Outcry after cardinal links homosexuality to abuse
The comments were made by Cardinal Tarcisio Bertone during a visit to Chile.
The French foreign ministry and some Catholic blogs that support the Pope also condemned the cardinal’s remarks.
As the scandal over sexual abuse of children by priests has spread, some in the Catholic Church have called for a review of the Church’s rule that prohibits priests from marrying, saying marriage would allow priests to enjoy a healthy sex life.
Bertone, the Vatican secretary of state, who is sometimes called the “deputy Pope,” told a news conference in Santiago: “Many psychologists and psychiatrists have shown that there is no link between celibacy and paedophilia, but many others have shown, I have recently been told, that there is a relationship between homosexuality and paedophilia.
“This pathology is one that touches all categories of people, and priests to a lesser degree in percentage terms,” he said.
“The behaviour of the priests in this case, the negative behaviour, is very serious, is scandalous.”
Gay rights activists reacted with derision and outrage.
“This is a scientific absurdity. The World Health Organisation calls homosexuality a variation of human behaviour. It is paedophilia that is a pathology, a crime, not homosexuality,” said Franco Grillini, a former parliamentarian who was at the vanguard of Italy’s gay rights movement.
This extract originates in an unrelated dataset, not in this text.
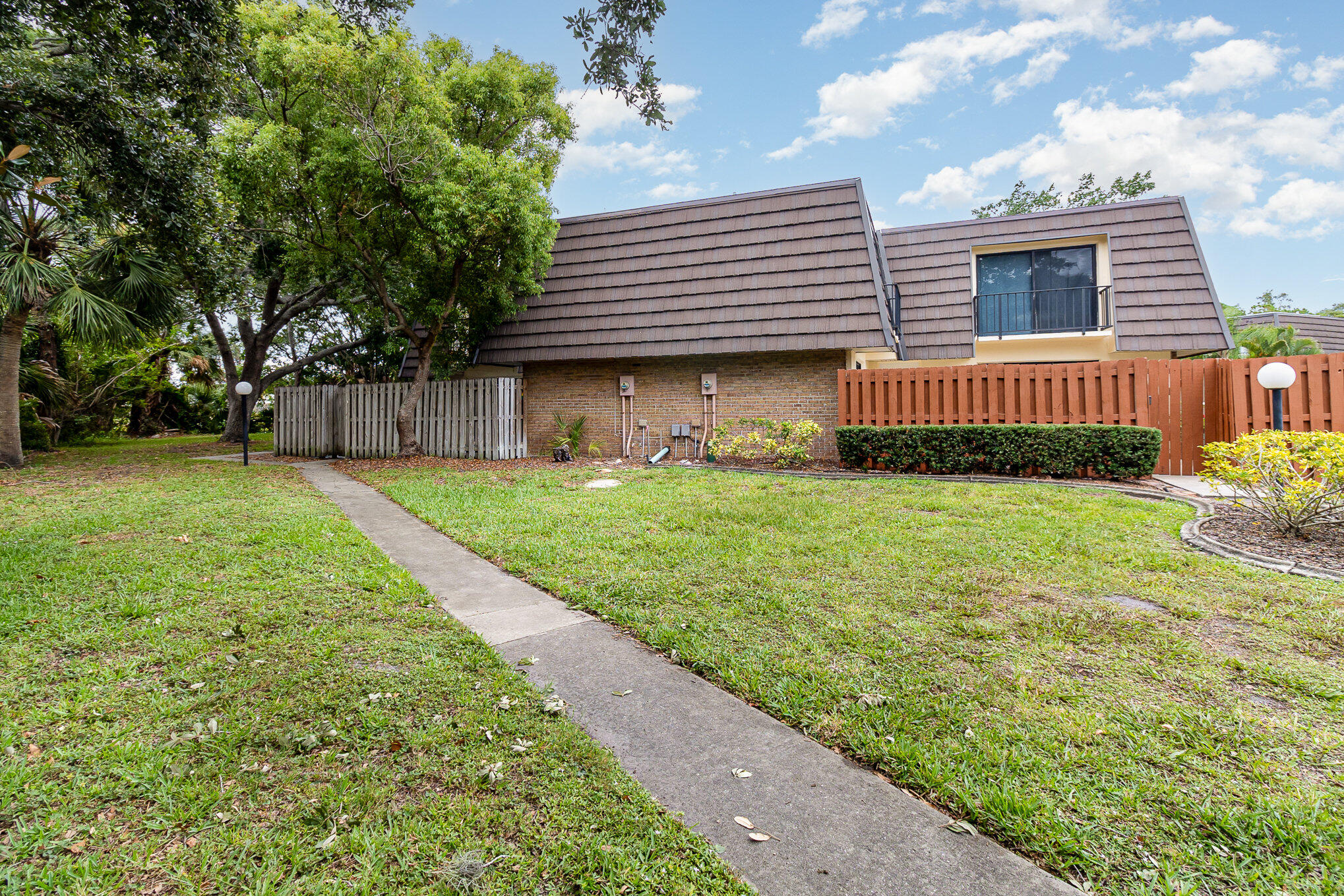 2913 Vista Oaks Circle NE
“Because they have their own problems with the abuse crisis and don’t know how to handle it, they are trying to pass their ‘cross’ from their shoulders on to ours,” Grillini told Reuters.
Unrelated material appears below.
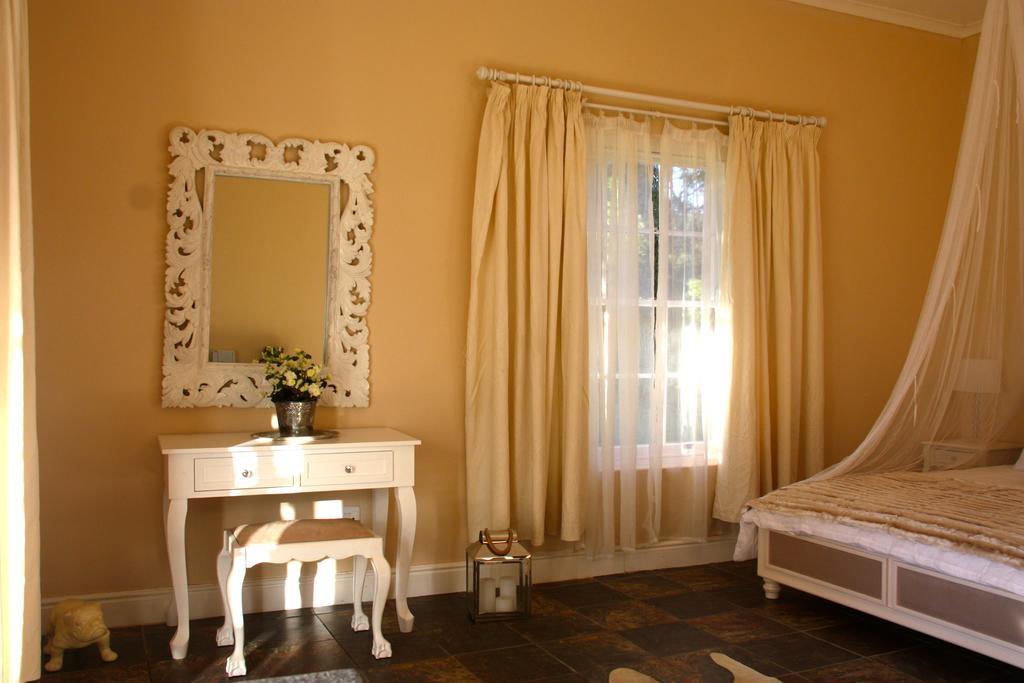 Calais Wine Estate Pensionat Paarl Exteriör bild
The French foreign ministry called it an “unacceptable linkage that we condemn”.
Some pro-Vatican Catholic blogs said more controversy was the last thing the Vatican needed.
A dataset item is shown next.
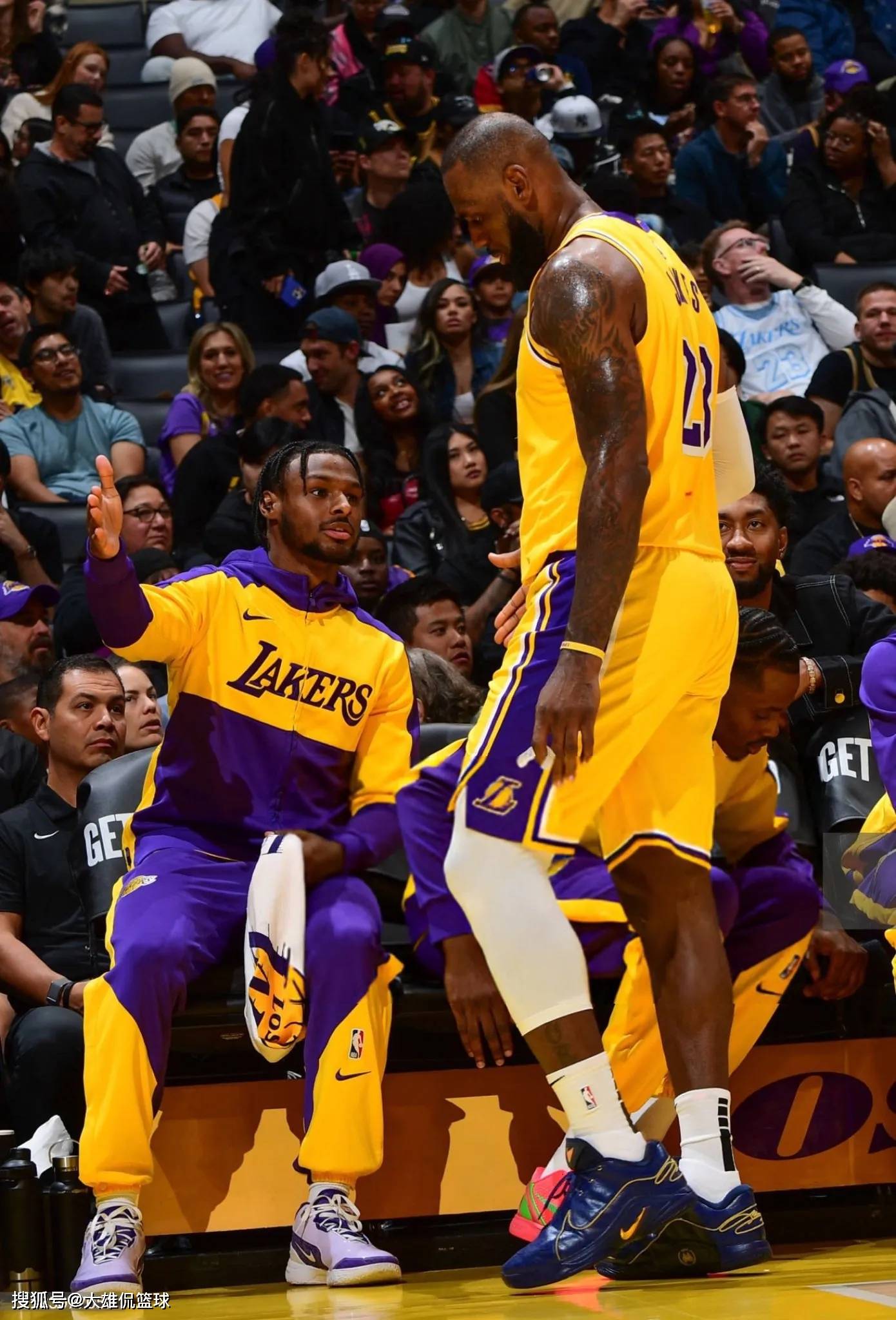 jinnianhui-洛杉矶湖人发布备战花絮；清晨伤情更新；葡超任务艰巨；身体对抗强度拉满的简单介绍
“Paedophilia and homosexuality: Bertone trips up — again — on gays,” read a post in the Italian-language Blog of the Friends of Pope Ratzinger.
It said the Pope might now have to “clean up the mess made by his right-hand man”.
Vatican spokesman Rev Federico Lombardi issued a statement in which he tried to douse the fire caused by the latest mishap. He said Church leaders were not trying to make “general affirmations of a specific psychological nature” and offered Church statistics that two-thirds of incidents of abuse by priests involved homosexual priests.
The Pope did not make any direct reference to the crisis facing the Church during his weekly general audience.
He may address the issue when he visits Malta this weekend. Ten Maltese men suing three priests for alleged child abuse have requested a private meeting with the Pope.